§ DATA FOR THE TASK:
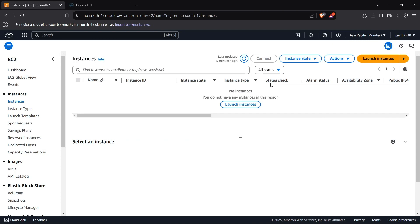Hi guys, welcome back to the channel. Today I'm going to show you how you can deploy your Django app from a Docker image from Docker Hub. So let's begin with the process.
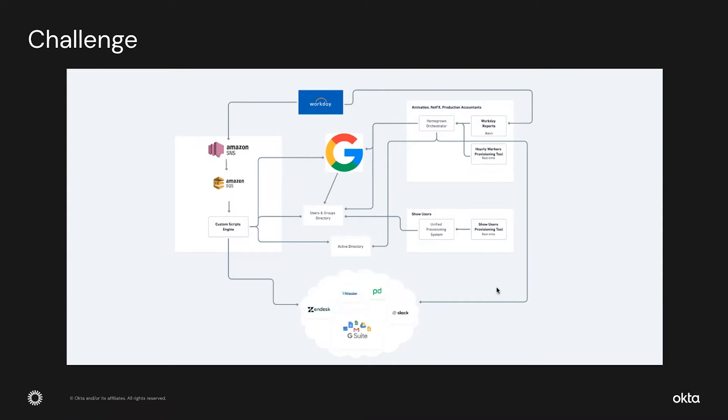On top of it, we also used to get a lot of custom ad hoc requests for onboarding and offboarding and this just made it a big mess. Netflix was also making a huge bet on mergers and acquisitions for gaming and this problem was going to get even more worse.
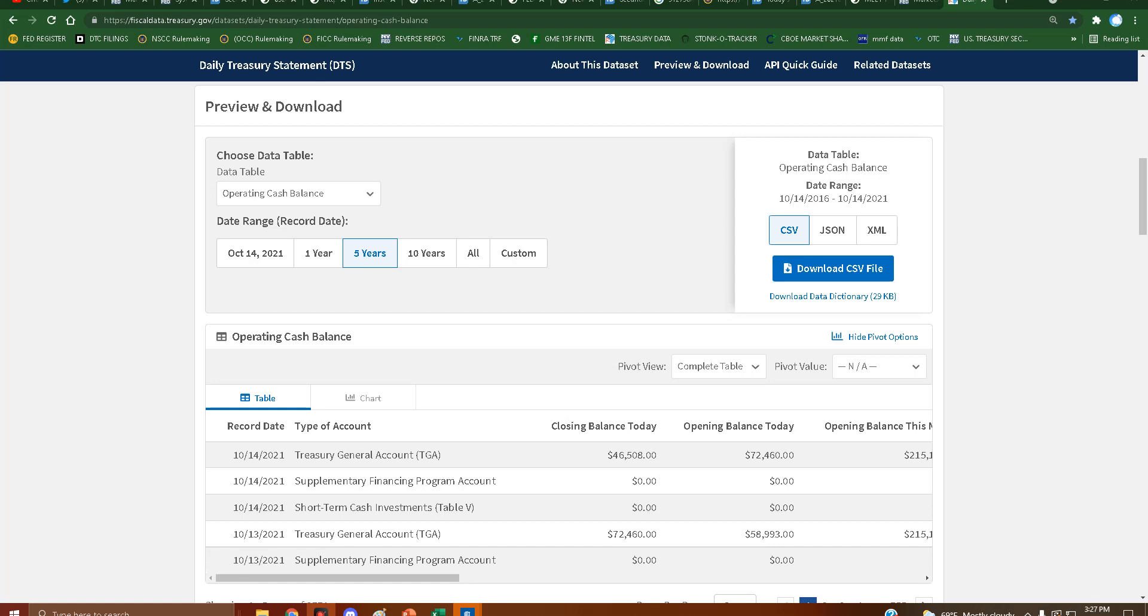Oh boy, what did I tell you? Remember, I said yesterday I thought it would go down because of the repo? Look, we went down to $46,508,000,000 left in the tank.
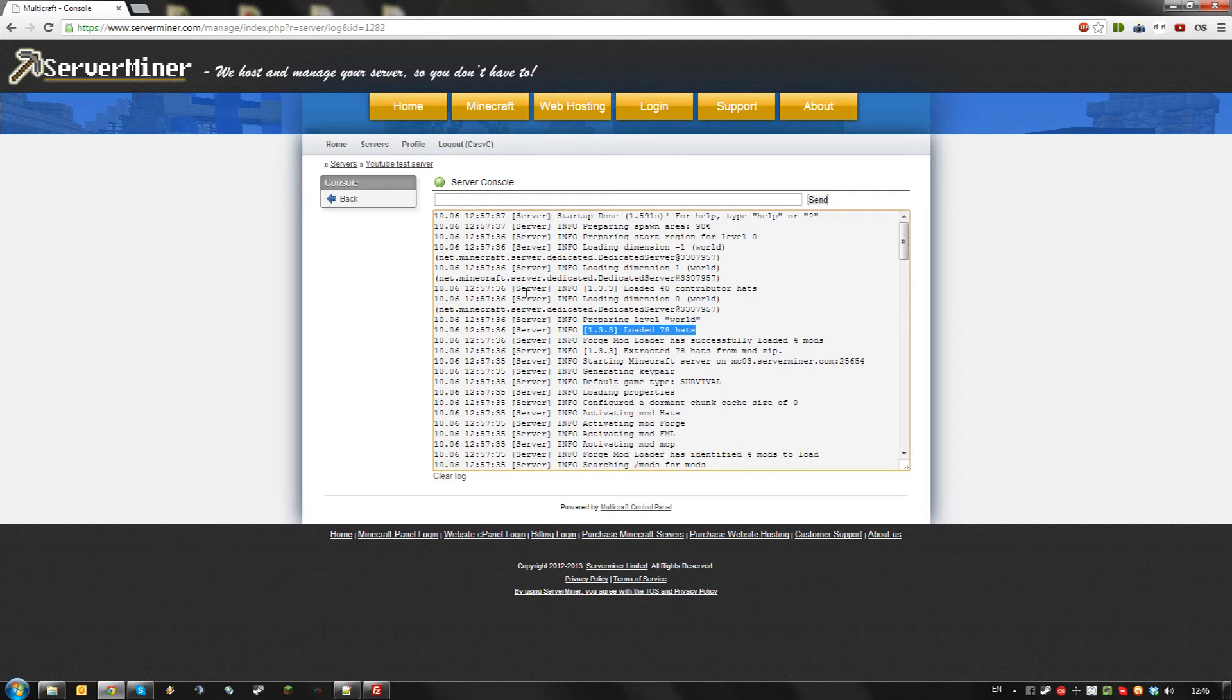Please keep in mind that to connect to a server with certain Forge mods, you need to have the mods installed on your client as well.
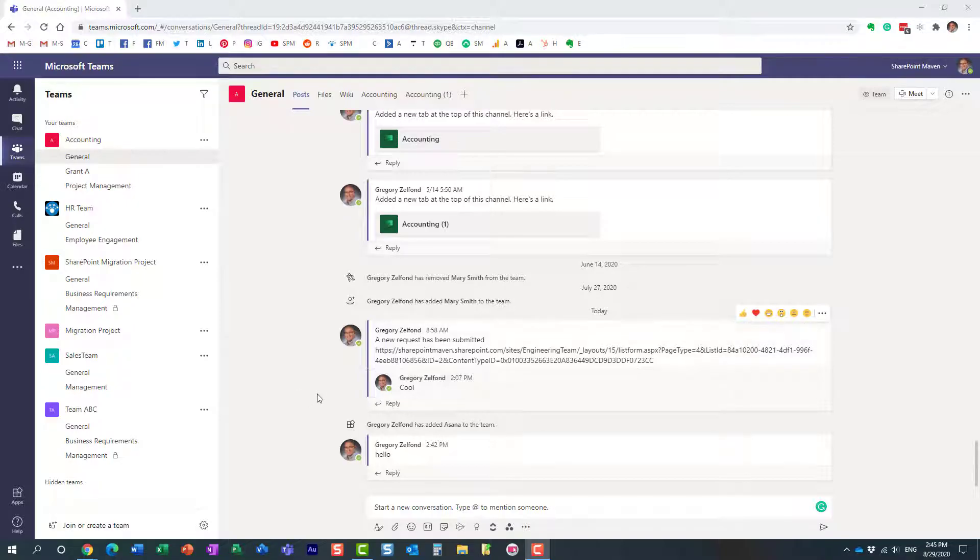First, before I explain how to remove the app from Teams, I want to explain to you how to add one.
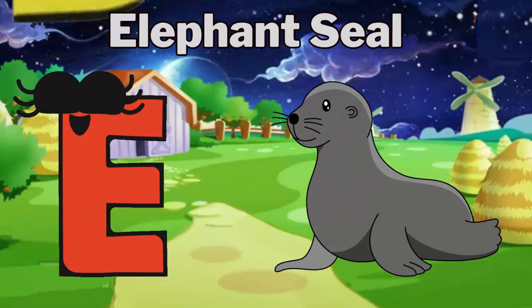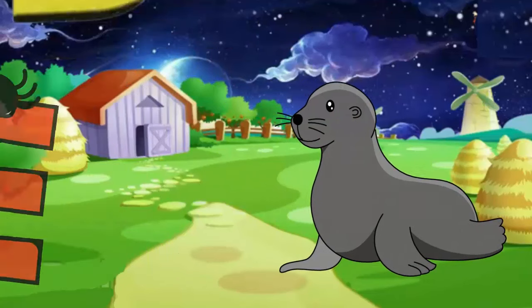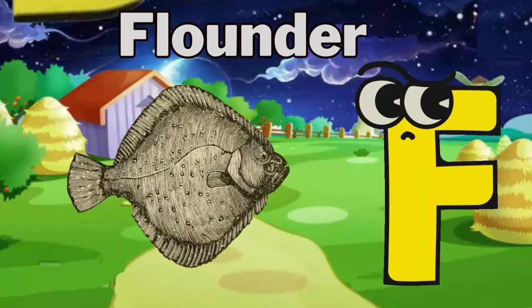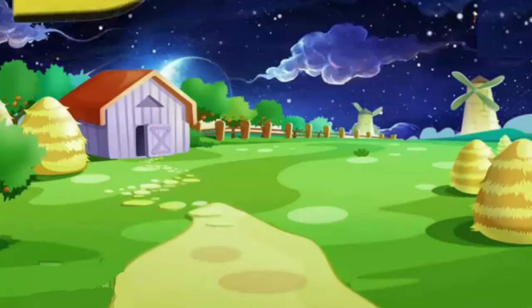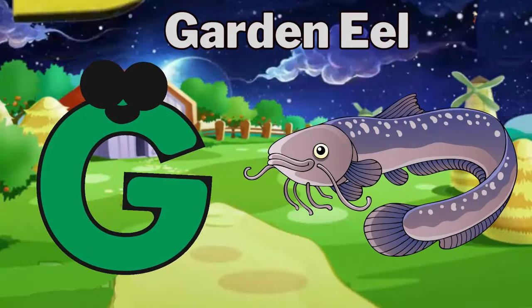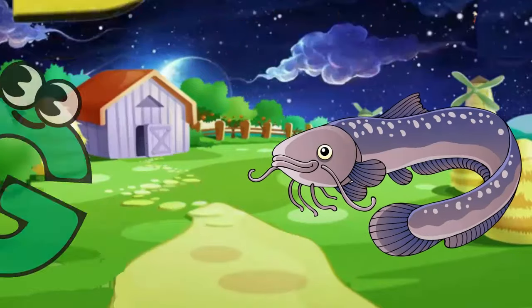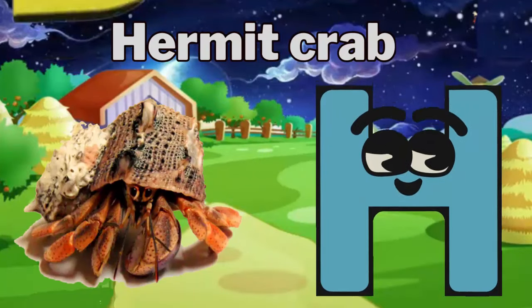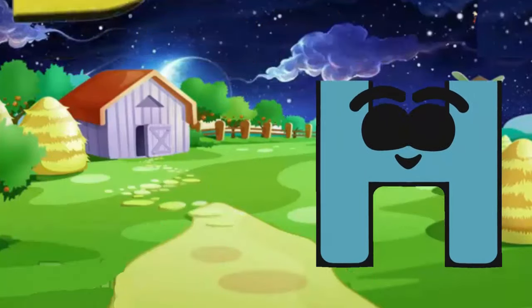E for Elephant Seal. F for Flounder. G for Garden Eel. H for Hermit Crab.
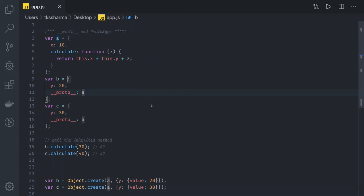Hi everyone and welcome back. In this video we are going to talk about JavaScript __proto__ and prototype — the extended version from the previous video. We will take a look at two different examples and try to understand how inheritance works with __proto__ and prototype.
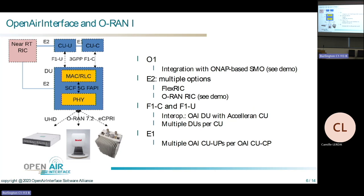Overall, the E2 interface can be used to steer and control the RAN using a controller. Regarding the F1 interface — not exactly ORAN but relevant — we already have interoperability with a third-party CU from Acceleron and the OAI DU. One recent development is having multiple DUs connected to one CU, and as a further step, mobility is on the roadmap.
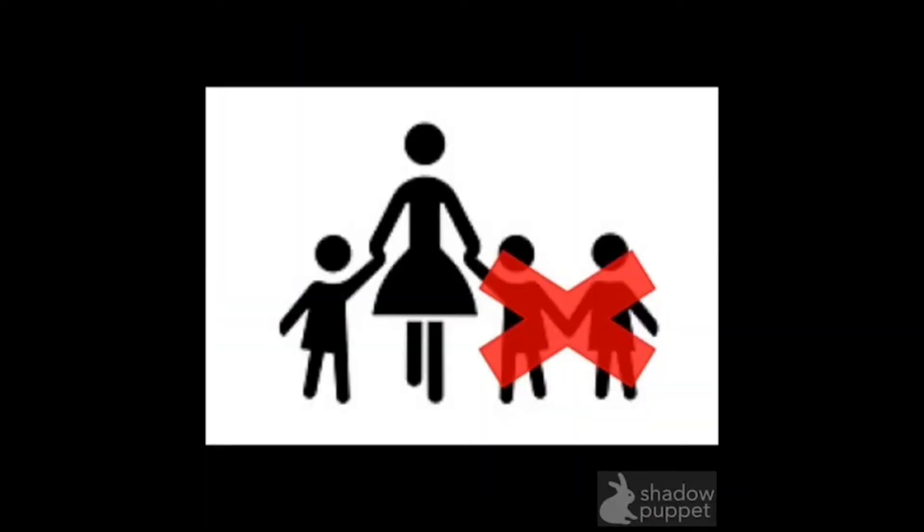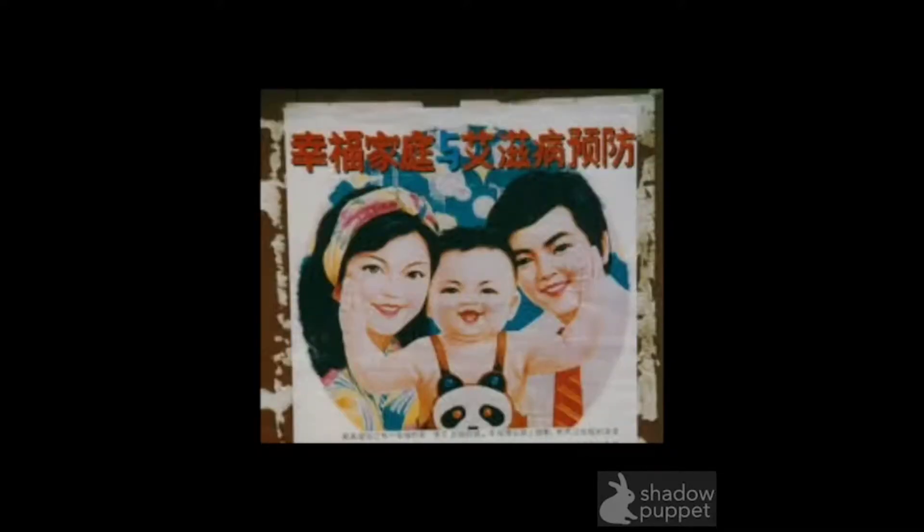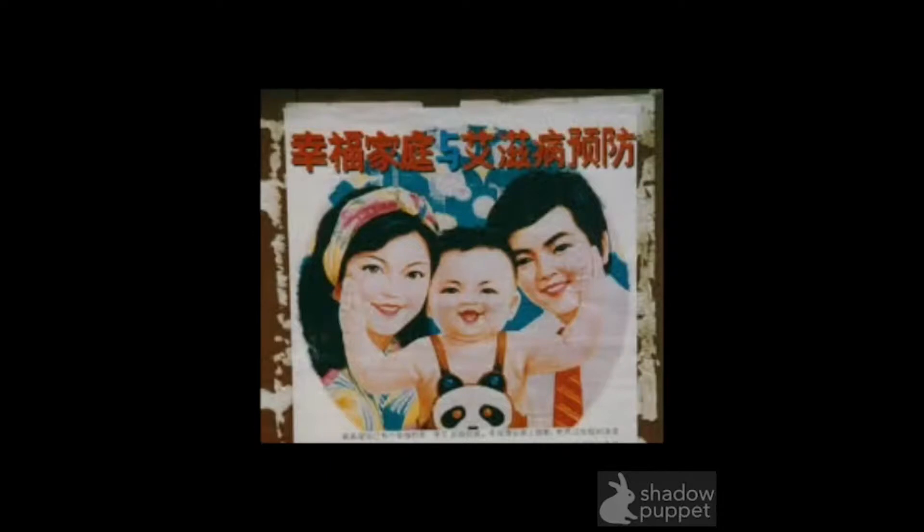In China, the policy varied in terms of how strict it was around the country. In the 1970s, the Chinese government felt that the rapid population growth taking place in the country was unsustainable and that the country would be unable to feed itself. To control the population, strict rules were introduced.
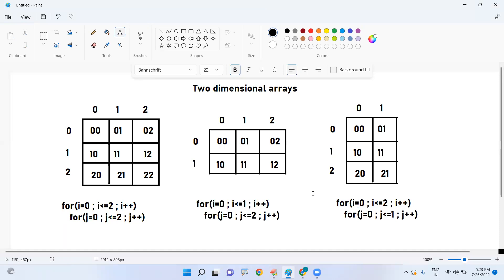Two-dimensional arrays are used to store and process two-dimensional data — data which is in rows and columns format. We process the information using their index, and we always use nested loops — the simple way of processing with nested for loops. The programs on two-dimensional arrays we will discuss in the next video. Hope you understood — thank you all.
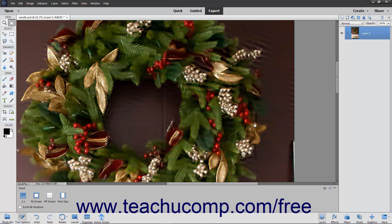While Shake Reduction can help a slightly blurry picture appear clearer, it will not remove the blur from an extremely blurry image.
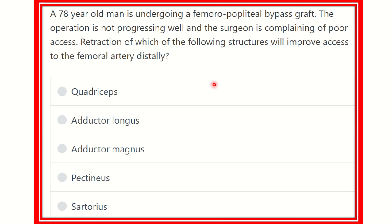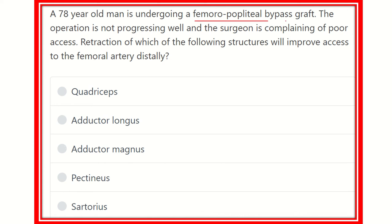Welcome to another question and answer session. A 78-year-old man is undergoing a femoral popliteal bypass graft. The operation is not progressing well and the surgeon is complaining of poor access. Retraction of which structure will improve access to the femoral artery distally?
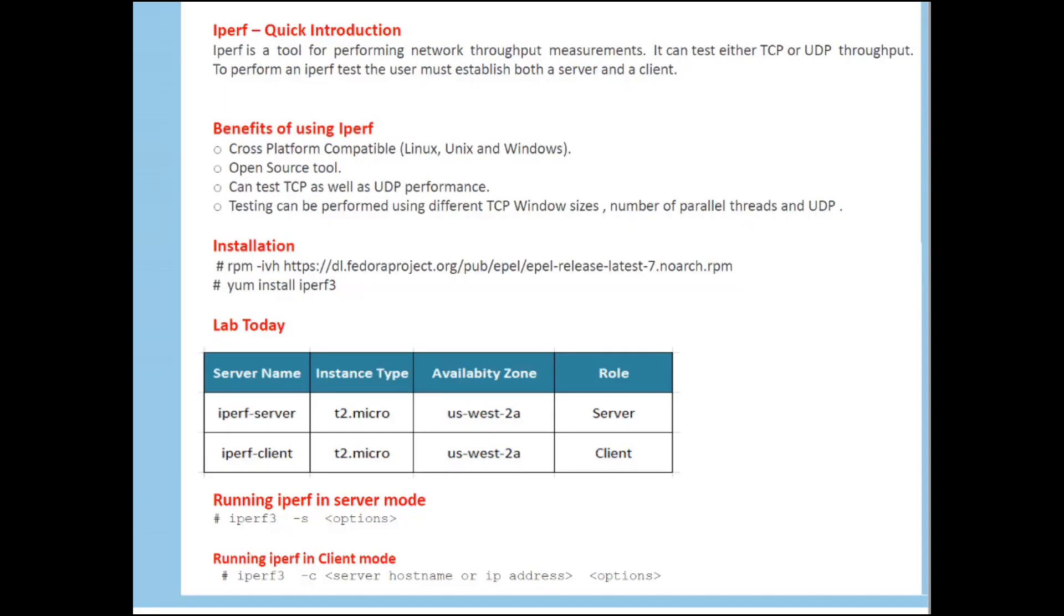A quick introduction to IPUF tool. IPUF is a tool for performing network throughput measurements. It can test either TCP or UDP throughput. To perform an IPUF test, the user must establish both a server and a client.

§ WORK ITEM: Word for word, restate the lines from the first line of the material through the line containing "E for Elephant", with the pictures left out.

§ WRITTEN RESPONSE:
Hi guys, welcome back to the channel. Today I'm going to show you how you can deploy your Django app from a Docker image from Docker Hub. So let's begin with the process.
On top of it, we also used to get a lot of custom ad hoc requests for onboarding and offboarding and this just made it a big mess. Netflix was also making a huge bet on mergers and acquisitions for gaming and this problem was going to get even more worse.
Oh boy, what did I tell you? Remember, I said yesterday I thought it would go down because of the repo? Look, we went down to $46,508,000,000 left in the tank.
Please keep in mind that to connect to a server with certain Forge mods, you need to have the mods installed on your client as well.
First, before I explain how to remove the app from Teams, I want to explain to you how to add one.
E for Elephant Seal. F for Flounder. G for Garden Eel. H for Hermit Crab.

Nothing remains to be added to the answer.